Lerner, who started painting in her 50's, earned a bachelor's degree in fine arts at the age of 83. And she never stops learning. Since age 96, she talks daily to daughter Karen in California via web cam and instant messaging.
Lerner has sisters who lived into their 90's. She thinks she lived so long and stayed so healthy because of her faith, and her genes— which new research shows may account for both her longevity and her small size.
"I'm the shrimp of the family," Lerner explains. She's also the longest-lived.
|Adele Lerner (right) with daughter Terry Kaufman|
Lerner was one of 450 people who've participated in a longevity study conducted by physician scientist Nir Barzilai and his team at Albert Einstein College of Medicine along with colleagues at UCLA and Johns Hopkins. The results showed that the fact that, at her tallest, she was a petite five feet, might also be linked to her longevity.
Previous studies in animals, such as mice, worms and flies, showed that mutations or variations in the genes affecting growth result in smaller animals with longer lifespan. In order to find out if these types of genetic variations correlate to height and longevity in people, Barzilai studied men and women of Ashkenazi Jewish descent who ranged in age from 95 to 108. He also studied their sons and daughters.
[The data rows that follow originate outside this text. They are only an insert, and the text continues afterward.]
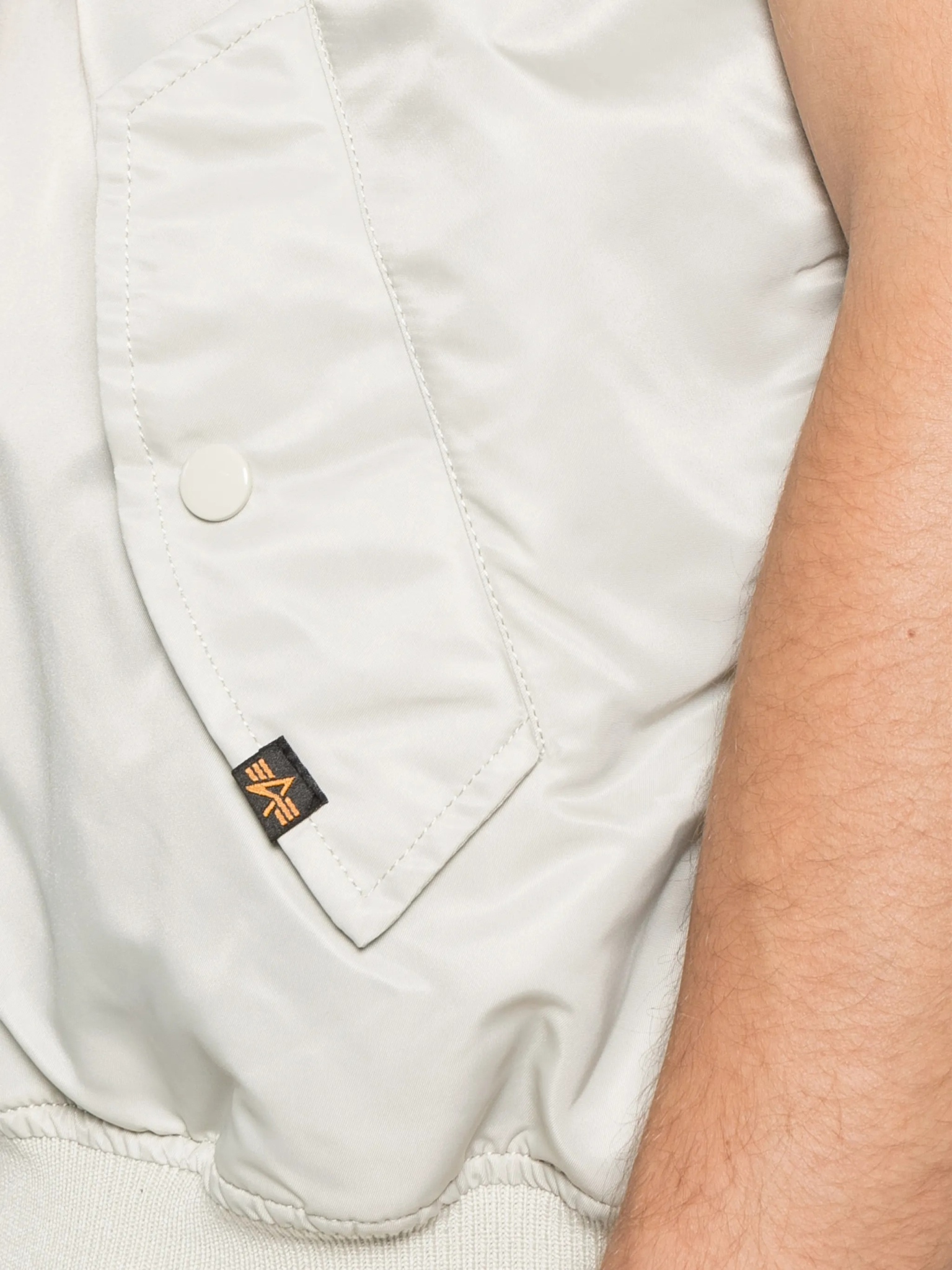 [ALPHA INDUSTRIES] Vest SS26 SS156146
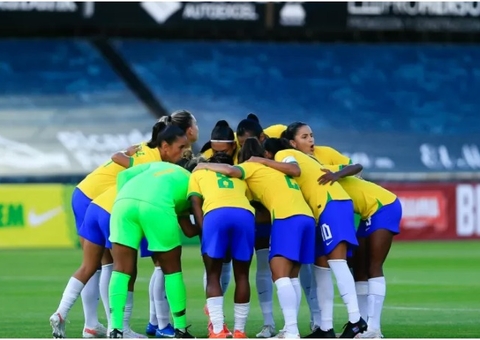 Seleção brasileira feminina vence de goleada amistoso contra Rússia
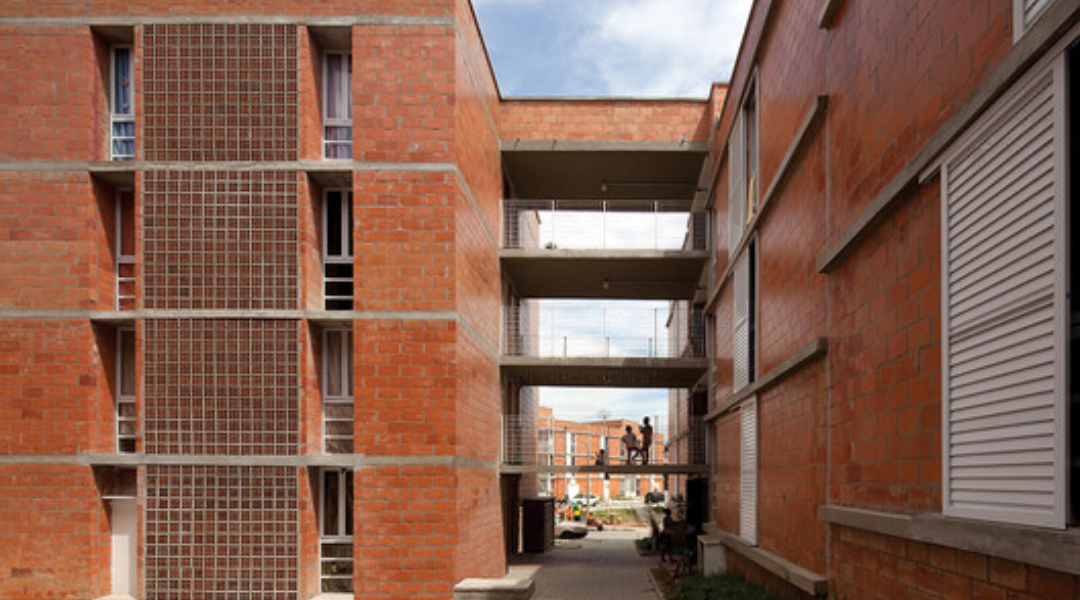 VENTAJAS AL UTILIZAR MAMPOSTERÍA DE CONCRETO REFORZADO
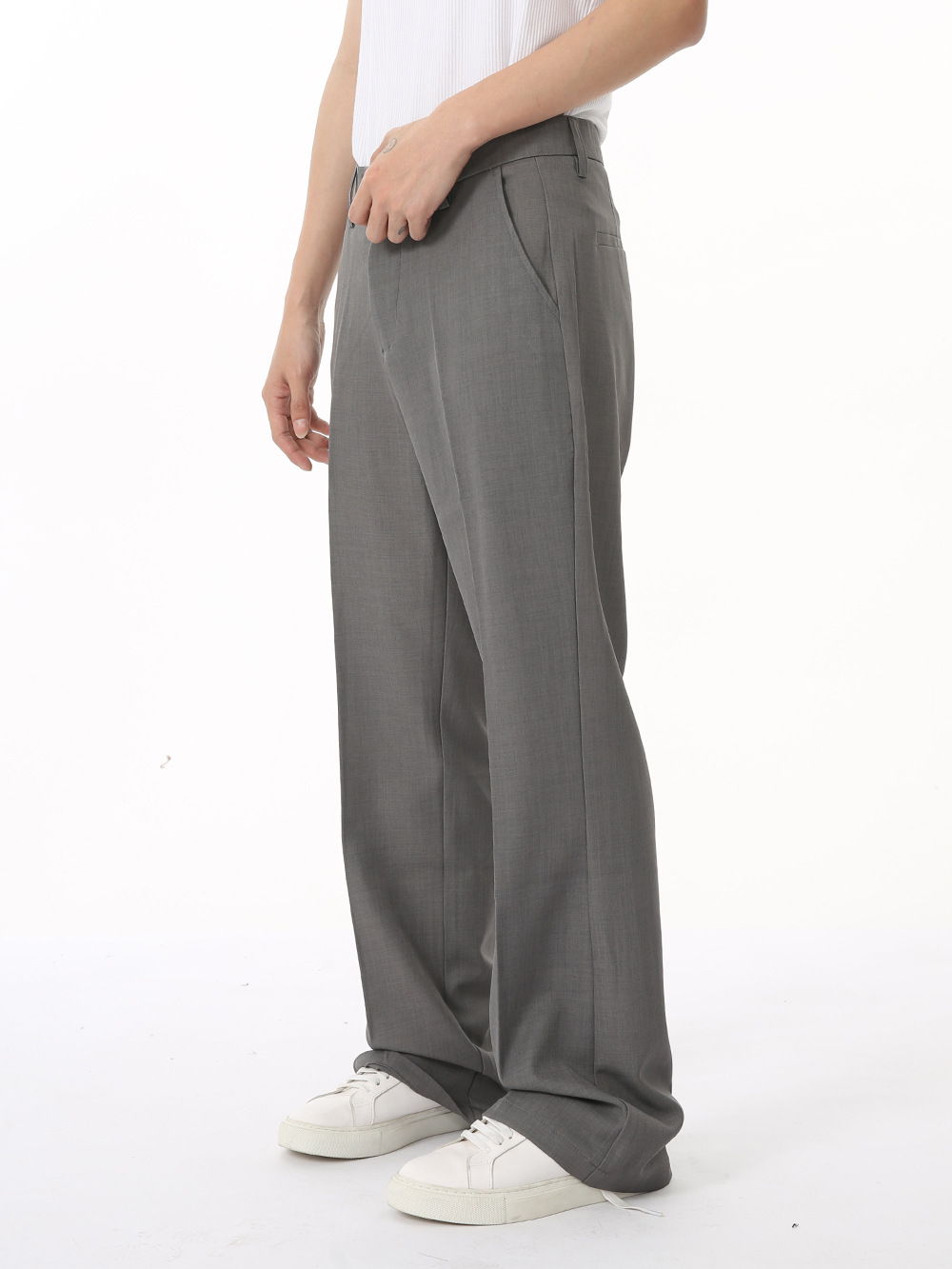 MTLCLOTHES Hombres| 2024 otoño nuevo producto simple de color sólido delgado cómodo pantalones casuales rectos pantalones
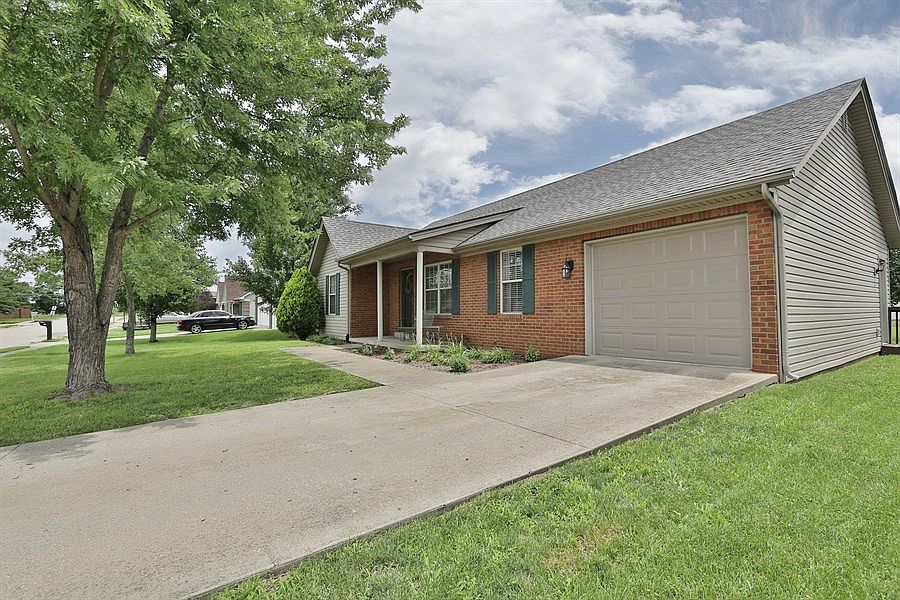 1st image of 113 Briar Patch Ln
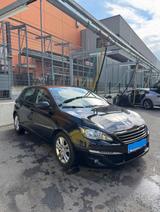 Peugeot 308 Access BlueHDi Active Limousine - Peugeot 308 Access mit Diesel-Antrieb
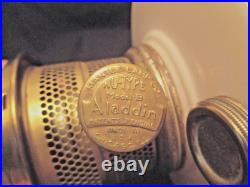 Aladdin Alacite Oil Lamp Fontblacklite Green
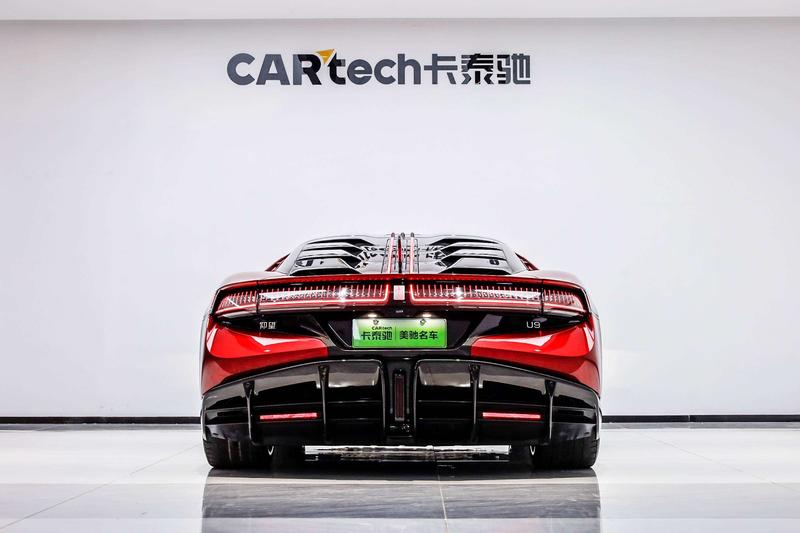 BYD Yangwang U9, 2025 — фото 5 из 12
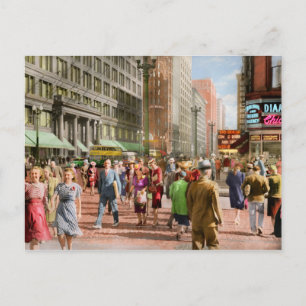 City - Chicago - Shopping Crowds 1940 Postcard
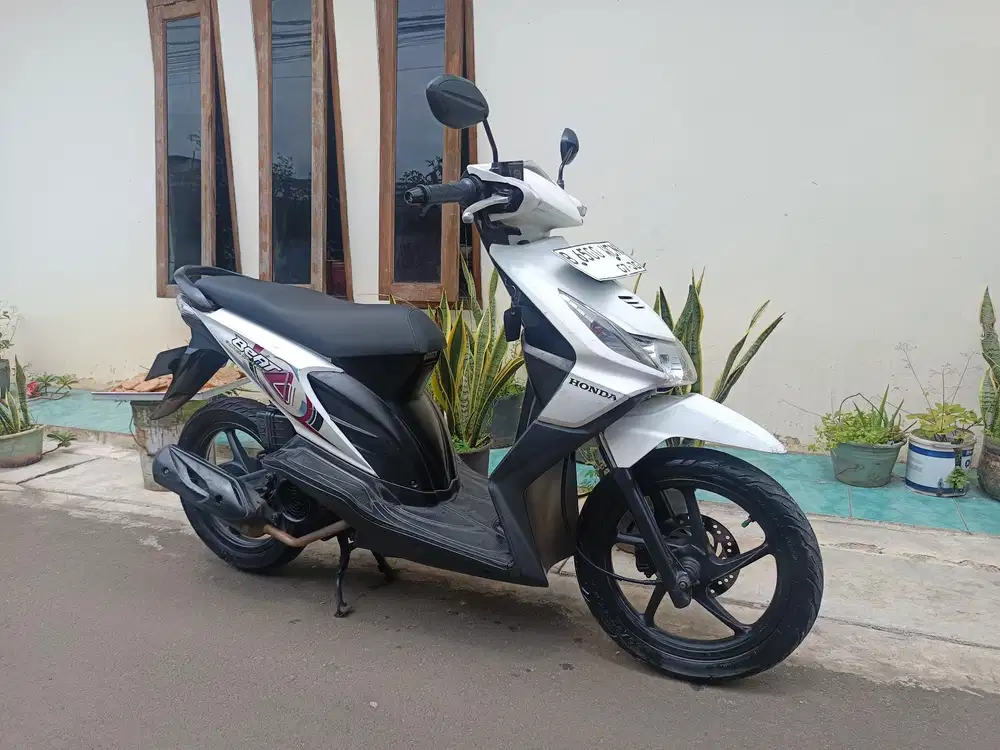 HONDA BEAT karbu 2010 lengkap mesin halus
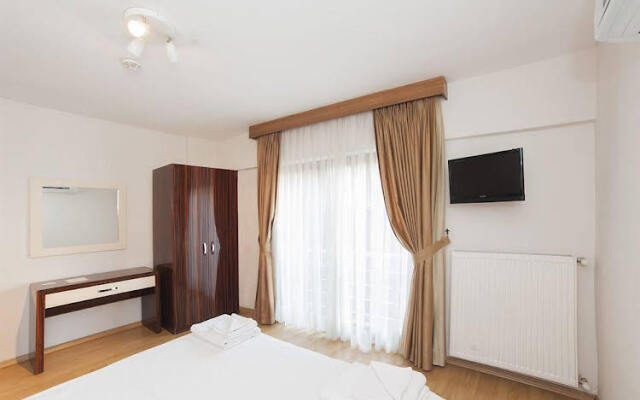 Tan Hotels & Residences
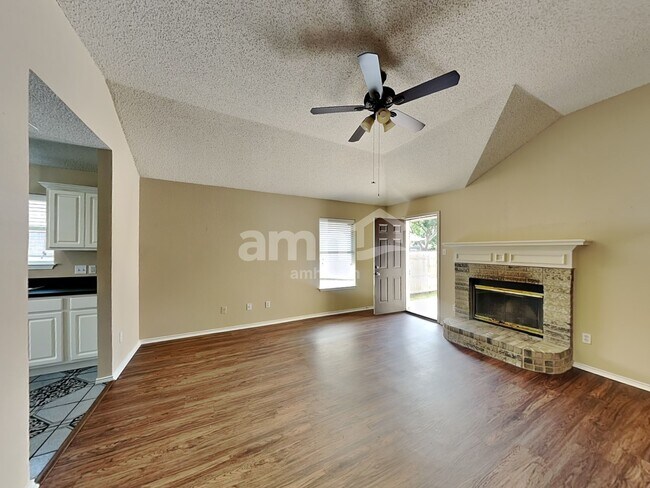 Foto del edificio - 8432 Odell St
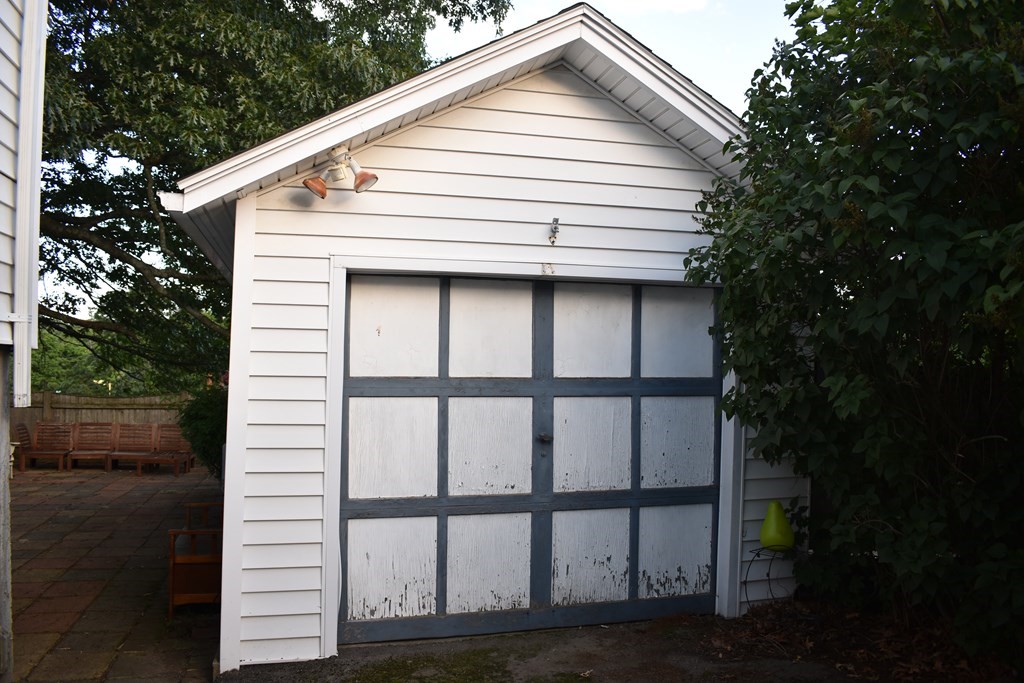 101 Edgehill Road Braintree, MA 02184 - Photo 3 of 21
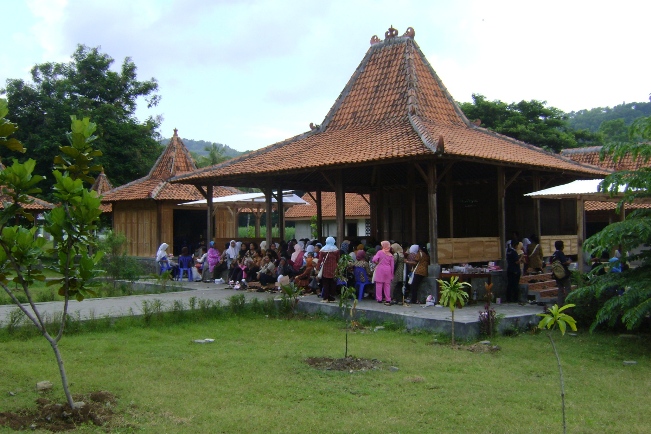 desa wisata batik di yogyakarta, kampung batik giriloyo, kampung batik giriloyo bantul, kampung batik giriloyo jogja, lokasi kampung batik giriloyo, wisata kampung batik giriloyo, mengunjungi kampung batik giriloyo jogja, batik tulis mendunia!
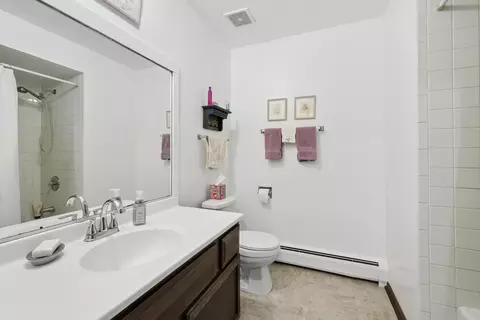 Bath - 108 La Fox Dr, Algonquin, IL 60102 photo 2 of 2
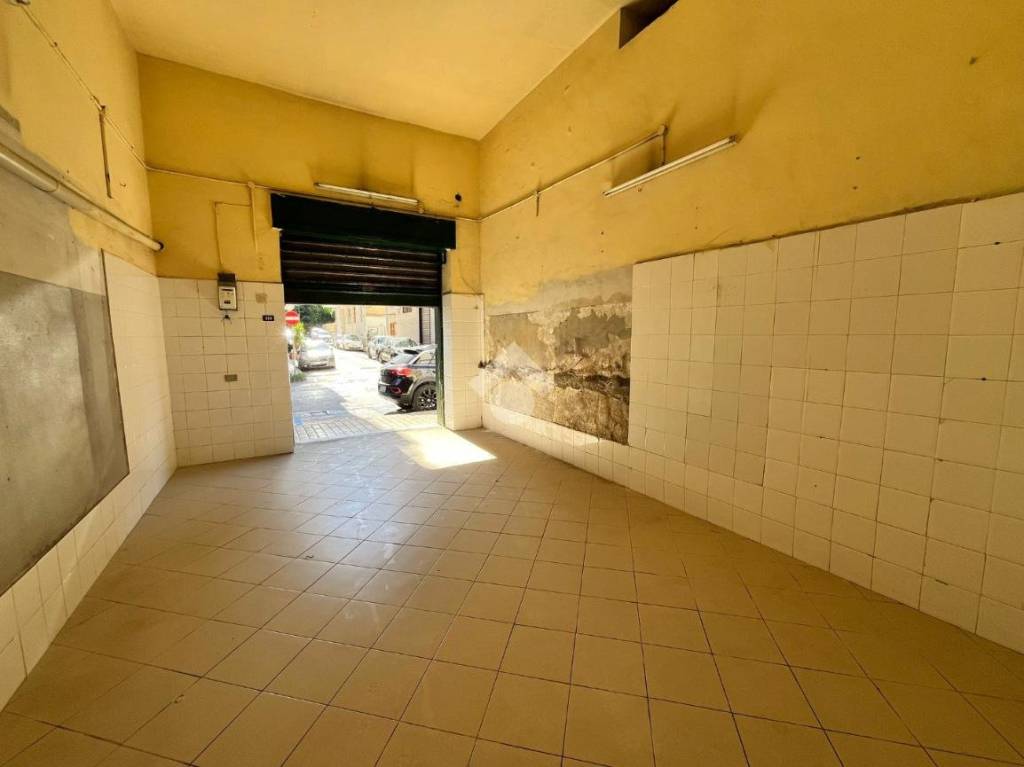 negozio in affitto a Grumo Nevano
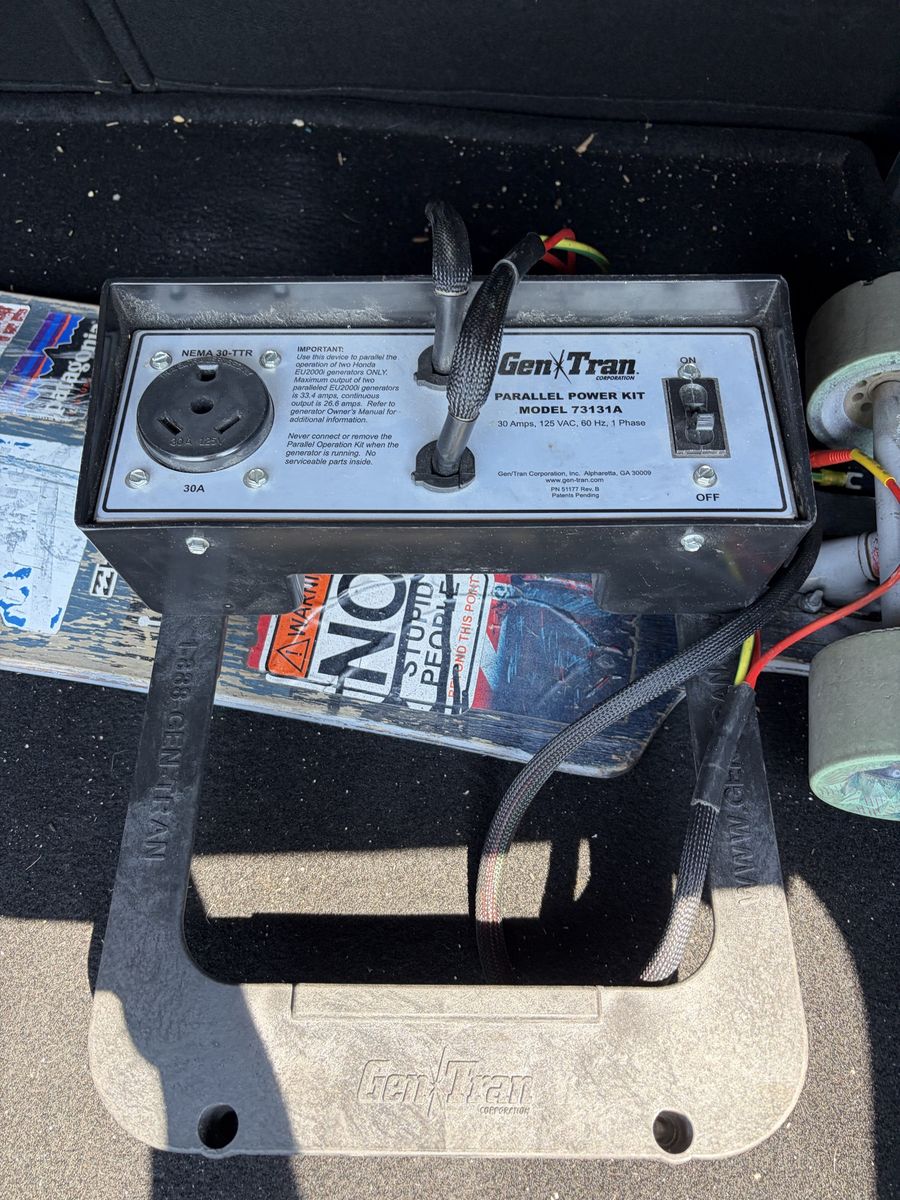 GenTran Parallel Power Kit Model 73131A for Honda EU2000i Generators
First he analyzed the blood levels, in the children, of a protein involved in growth called insulin/insulin-like growth factor I (IGFI). Levels of this protein correlate with the action of growth hormone. While the sons did not show variations from the comparison or control group, the daughters had 35 percent higher levels of IGFI. Daughters were also about an inch shorter than the control group. This indicated that the action of growth hormone was higher. So, why were the daughters shorter than the comparison group?
To answer that question, Barzilai's team looked at the gene that codes for IGFI receptors, the "landing spots" on cells that respond to IGF1, carrying out its orders. He studied the DNA of the seven shortest female centenarians in the group, and found that they had a high incidence of mutations in those genes. Barzilai also found that those mutations impaired the IGFI receptors, reducing the function of growth hormone.
While centenarians who had these mutations also had higher IGFI levels, "the growth hormone is not active and… the body is trying to compensate by producing more growth hormone, but of course not totally successful," Barzilai says.
"This really proves the concept that actually low growth hormone action is consistent with longevity, just like it happens everywhere in nature," he says. But he points out that this is just one gene in the growth pathway.
"This confirms the possibility that some centenarians get to this age because they have mutations in the IGF [growth pathway]. But it doesn't mean that all centenarians need to have this mutation in order to get to age 100," he adds.